> [Problem requirements]: Nothing outside the range below should be printed. Output exactly the lines from the line with "Coloracao Yama Fashion C 60g 7 66 Bri" to the line with "DODGE DART 2013 - 1C3CDFBA5DD290152", both included.

Given records START

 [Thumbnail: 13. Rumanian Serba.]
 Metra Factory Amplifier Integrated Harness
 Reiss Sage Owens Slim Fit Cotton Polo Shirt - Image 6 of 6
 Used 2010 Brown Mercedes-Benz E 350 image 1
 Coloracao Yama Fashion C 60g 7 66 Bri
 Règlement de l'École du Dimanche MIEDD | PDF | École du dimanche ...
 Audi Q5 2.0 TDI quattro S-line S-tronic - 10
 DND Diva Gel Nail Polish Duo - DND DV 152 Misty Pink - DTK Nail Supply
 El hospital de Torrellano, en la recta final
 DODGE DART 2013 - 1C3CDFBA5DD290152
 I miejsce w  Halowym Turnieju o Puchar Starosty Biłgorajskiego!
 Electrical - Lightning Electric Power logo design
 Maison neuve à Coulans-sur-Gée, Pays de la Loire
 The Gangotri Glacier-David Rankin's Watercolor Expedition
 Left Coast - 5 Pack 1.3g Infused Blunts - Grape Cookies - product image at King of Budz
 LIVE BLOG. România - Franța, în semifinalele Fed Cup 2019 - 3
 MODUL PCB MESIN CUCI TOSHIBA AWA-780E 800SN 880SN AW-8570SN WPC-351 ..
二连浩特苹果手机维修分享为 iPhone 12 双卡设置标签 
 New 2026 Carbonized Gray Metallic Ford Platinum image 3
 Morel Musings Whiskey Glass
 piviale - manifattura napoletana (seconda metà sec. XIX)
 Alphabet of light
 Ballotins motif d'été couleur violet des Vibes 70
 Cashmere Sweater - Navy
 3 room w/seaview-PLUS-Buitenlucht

Given records END

> [Finished task]:
 Coloracao Yama Fashion C 60g 7 66 Bri
 Règlement de l'École du Dimanche MIEDD | PDF | École du dimanche ...
 Audi Q5 2.0 TDI quattro S-line S-tronic - 10
 DND Diva Gel Nail Polish Duo - DND DV 152 Misty Pink - DTK Nail Supply
 El hospital de Torrellano, en la recta final
 DODGE DART 2013 - 1C3CDFBA5DD290152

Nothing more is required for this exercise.